16. • At the heart of Castells’s analysis is what he calls the information technology paradigm with five basic
characteristics:
1. these are technologies that act on information
2. since information is part of all human activity, these technologies have a pervasive effect
3. all systems using information technologies are defined by a “networking logic” that allows them to
affect a wide variety of processes and organizations.
4. the new technologies are highly flexible, allowing them to adapt and change constantly.
5. the specific technologies associated with information are merging into a highly integrated system.
• In the 1980s, there emerged a new, increasingly profitable global informational economy.
• This global informational economy is informational because the productivity and competitiveness of
units or agents in this economy (be it firms, regions, or nations) fundamentally depend upon their
capacity to generate, process, and apply efficiently knowledgebased information.
• This global informational economy is global because it has the “capacity to work as a unit in real time on
a planetary scale ”. This was made possible, for the first time, by the new information and communication
technologies.
17. • Accompanying the rise of the new global informational economy is the emergence of a new
organizational form, the network enterprise.

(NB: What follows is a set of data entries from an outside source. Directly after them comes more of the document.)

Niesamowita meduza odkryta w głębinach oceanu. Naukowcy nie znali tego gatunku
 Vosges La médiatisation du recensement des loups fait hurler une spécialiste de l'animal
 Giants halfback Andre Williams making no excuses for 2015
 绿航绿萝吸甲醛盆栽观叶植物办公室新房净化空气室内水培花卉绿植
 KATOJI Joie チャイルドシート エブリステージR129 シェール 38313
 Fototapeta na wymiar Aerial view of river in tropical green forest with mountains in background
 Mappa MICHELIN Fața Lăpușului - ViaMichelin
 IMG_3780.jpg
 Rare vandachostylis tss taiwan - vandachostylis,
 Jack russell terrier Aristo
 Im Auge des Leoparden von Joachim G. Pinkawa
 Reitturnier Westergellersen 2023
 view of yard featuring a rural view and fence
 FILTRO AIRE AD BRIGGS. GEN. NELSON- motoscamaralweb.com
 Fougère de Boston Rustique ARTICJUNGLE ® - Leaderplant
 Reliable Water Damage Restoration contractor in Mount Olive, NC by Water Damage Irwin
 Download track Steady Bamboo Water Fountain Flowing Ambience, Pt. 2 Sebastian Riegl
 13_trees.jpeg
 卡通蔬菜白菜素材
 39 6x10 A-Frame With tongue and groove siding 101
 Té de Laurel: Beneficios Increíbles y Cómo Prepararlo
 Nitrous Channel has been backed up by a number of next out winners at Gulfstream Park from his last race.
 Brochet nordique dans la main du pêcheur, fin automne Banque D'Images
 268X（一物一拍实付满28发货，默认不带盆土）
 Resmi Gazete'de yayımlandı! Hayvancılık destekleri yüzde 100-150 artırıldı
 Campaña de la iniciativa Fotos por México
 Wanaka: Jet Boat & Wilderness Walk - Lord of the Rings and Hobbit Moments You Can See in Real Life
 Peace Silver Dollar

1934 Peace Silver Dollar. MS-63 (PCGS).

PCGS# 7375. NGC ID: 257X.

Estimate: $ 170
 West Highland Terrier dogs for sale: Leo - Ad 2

• Among other things, the network enterprise is characterized by flexible (rather than mass) production,
new management systems (frequently adapted from Japanese models), organizations based on a
horizontal rather than a vertical model, and the intertwining of large corporations in strategic alliances.
• However, most important, the fundamental component of organizations is a series of networks.
• The network enterprise is the materialization of the culture of the global informational economy, and it
makes possible the transformation of signals into commodities through the processing of knowledge.
• As a result, the nature of work is being transformed (e.g., the individualization of work through such
things as flex-time), although the precise nature of this transformation varies from one nation to another.